- THE DATA -

"""

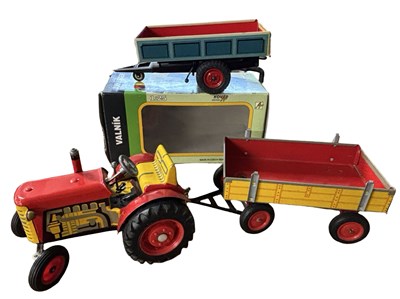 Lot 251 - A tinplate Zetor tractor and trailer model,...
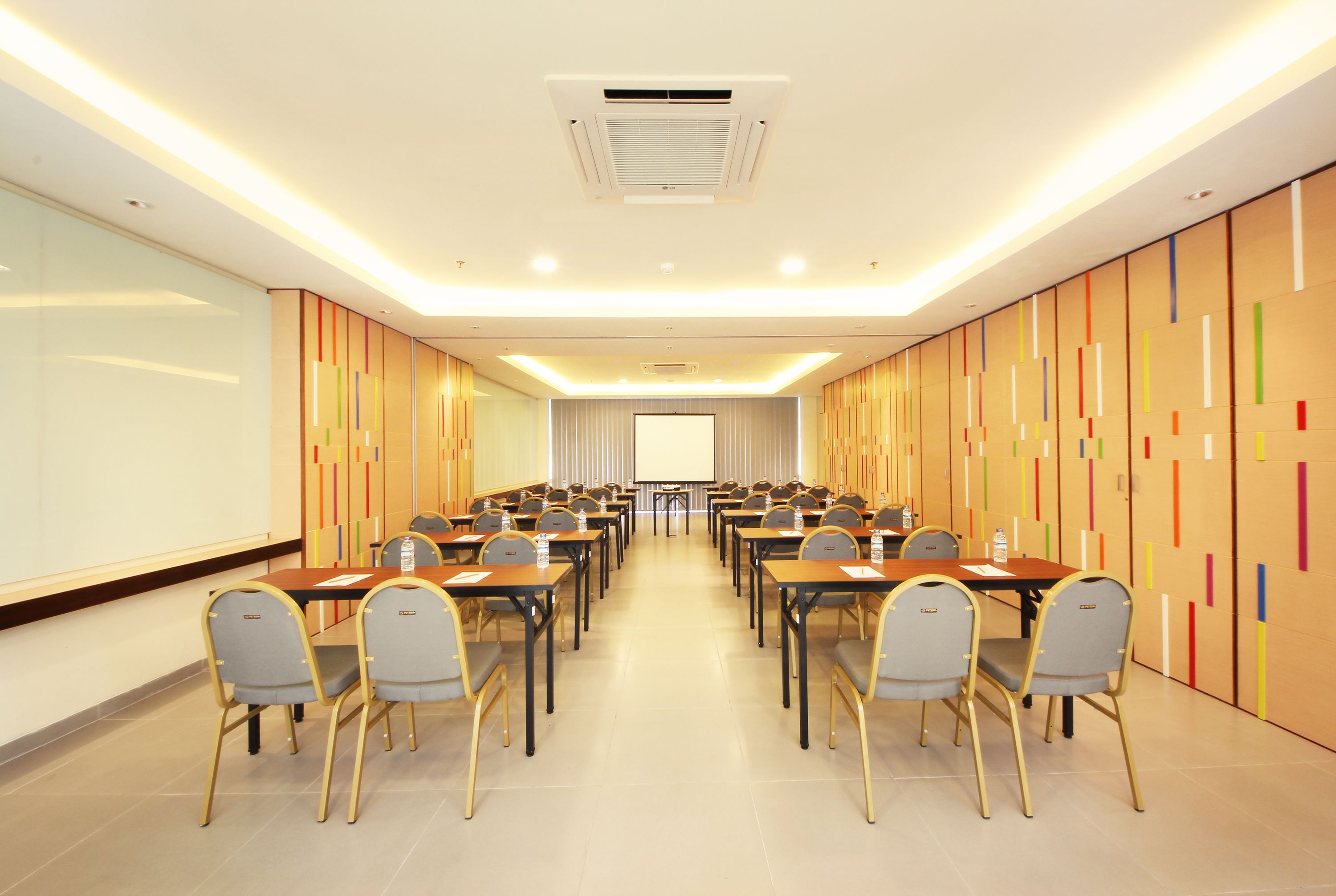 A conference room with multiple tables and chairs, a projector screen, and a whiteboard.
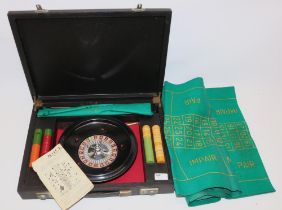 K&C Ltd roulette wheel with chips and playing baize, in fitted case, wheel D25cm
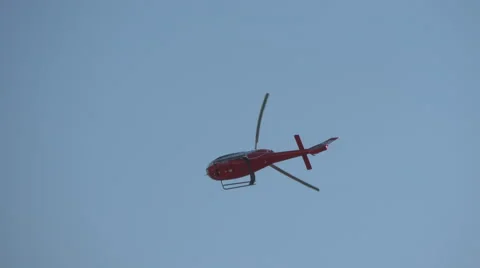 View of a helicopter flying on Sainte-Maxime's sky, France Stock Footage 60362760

"""

- TASK TO COMPLETE -
Return the material exactly as given above, picture-free.

- SOLUTION -
 Lot 251 - A tinplate Zetor tractor and trailer model,...
 A conference room with multiple tables and chairs, a projector screen, and a whiteboard.
 K&C Ltd roulette wheel with chips and playing baize, in fitted case, wheel D25cm
 View of a helicopter flying on Sainte-Maxime's sky, France Stock Footage 60362760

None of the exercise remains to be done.